Da gibt es so unendlich viele Provinznester auf der Welt … und ausgerechnet Ihres müssen die sich aussuchen
, hatte Bliss gesagt. Sie hatte einfach zu ihm gehen und einen Selbsttest durchführen müssen.
Und er hatte die Begegnung zu einem Interview umgemünzt. Genau wie seine Frau Jane interviewt hatte.
Merrily hastete in die Einfahrt des Pfarrhauses, an einem geparkten Auto vorbei, dessen Türen sich gerade öffneten. Als sie an der Haustür war, drehte sie sich halb um, während sie in ihrer Tasche nach dem Schlüssel kramte, und stellte fest, dass im trüben Licht des verregneten Nachmittags zwei Leute hinter ihr standen.
Eine Frau mit einer kastigen blauen Fleecejacke und einer blauen Wollmütze und ein blonder Mann Ende zwanzig, der schon seinen Ausweis herausgezogen hatte.
«Mrs.
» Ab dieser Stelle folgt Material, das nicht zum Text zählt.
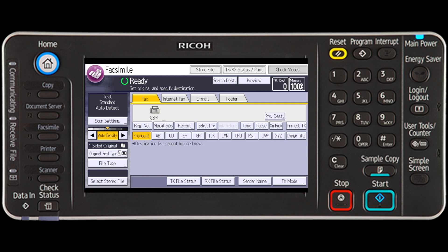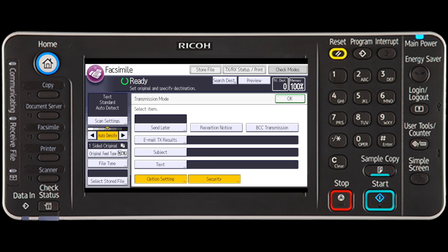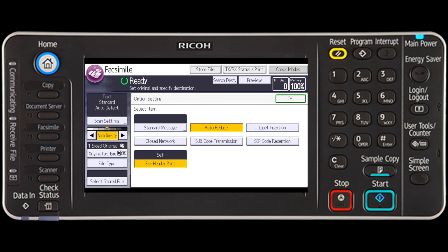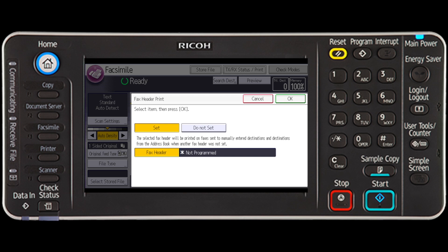Press the Transmission Mode key. Select the Option Setting key. Press the Fax Header Print key. Make sure that Set is selected.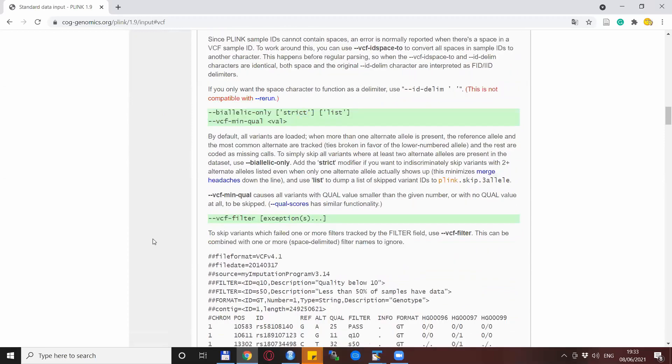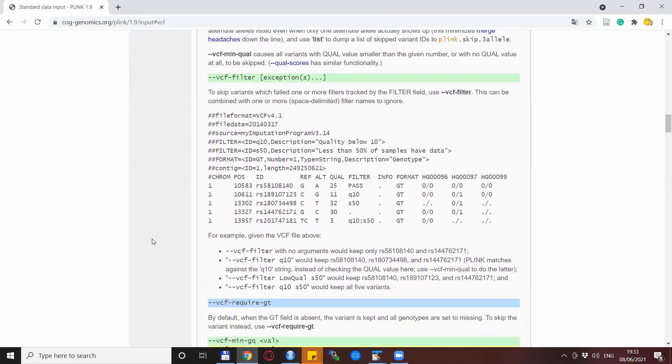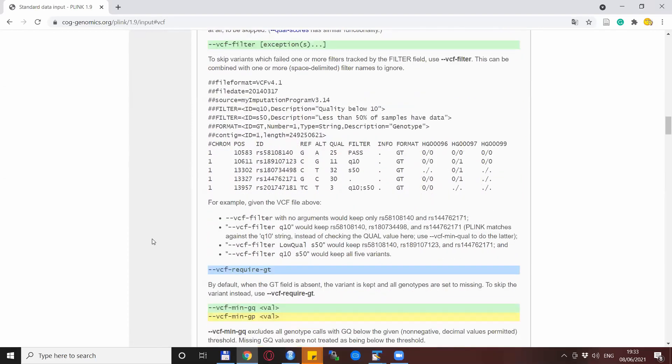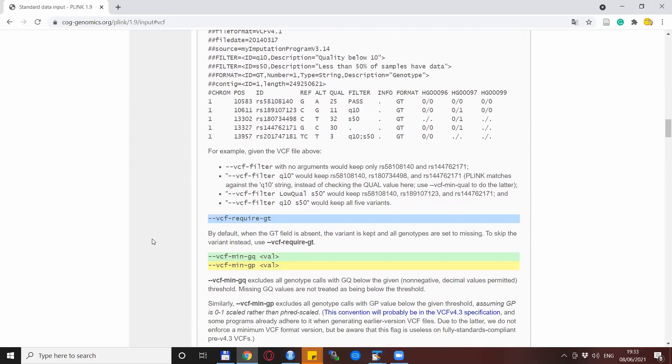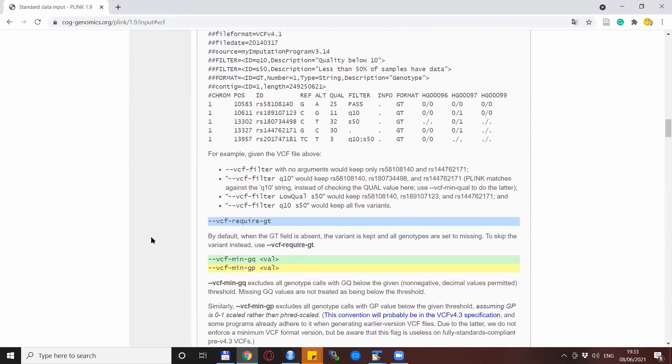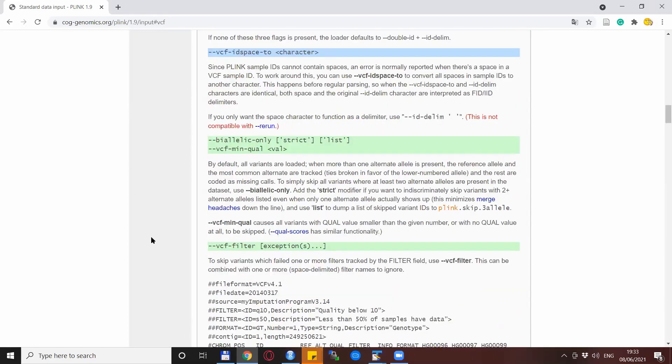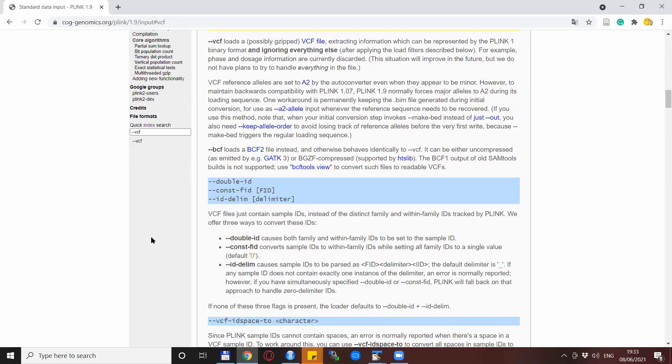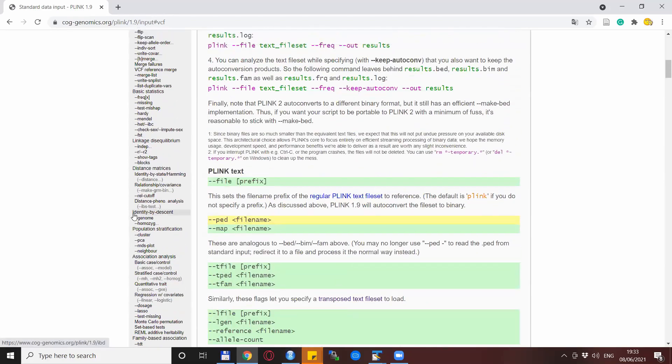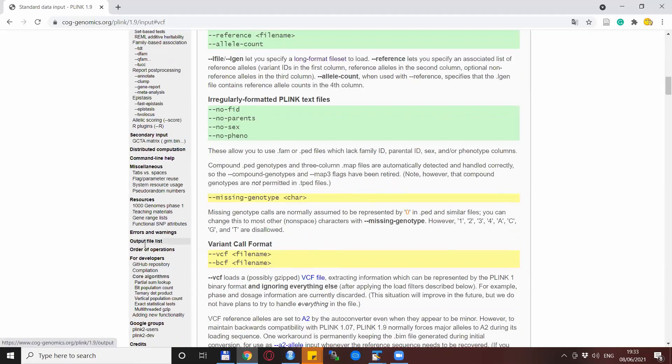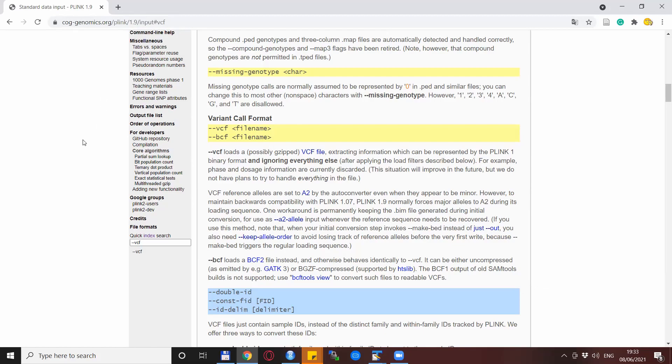In general, there is quite a bit of description for various other VCF-related options in Plink. So if you are dealing with VCF files, I really recommend you to read this part of the Plink website. You get here by searching dash-dash VCF in the quick index in the left side of the navigation panel, or if you specify this address in the browser.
Watkins?»
«Ja?»
« DI Brent, von der Kripo West Mercia. Und das hier ist Detective Sergeant Dowell. Dürfen wir hereinkommen?»
Dowell?
Karen
Dowell? Während sie sich die feuchten Haarsträhnen aus dem Gesicht schob, warf Merrily einen unauffälligen Blick auf die Frau. Sie war untersetzt, hatte rote Wangen und war schätzungsweise Mitte dreißig. Sie war Bliss Rückendeckung, oder? Bliss sprach nur gut von Karen. Und doch …
Sie lächelte nicht, wirkte sogar angespannt.
Wenn im Film ein Polizist
Dürfen wir hereinkommen?
sagte, hatte das nie etwas Gutes zu bedeuten.
27 Epiphanie
Als Jane aus dem Bus stieg, regnete es nicht mehr so stark, und sie rannte sofort zum Friedhof hinüber. An Lucys Grab legte sie die Hände auf den Grabstein und spürte, wie die Energie ihre Arme hinaufstieg.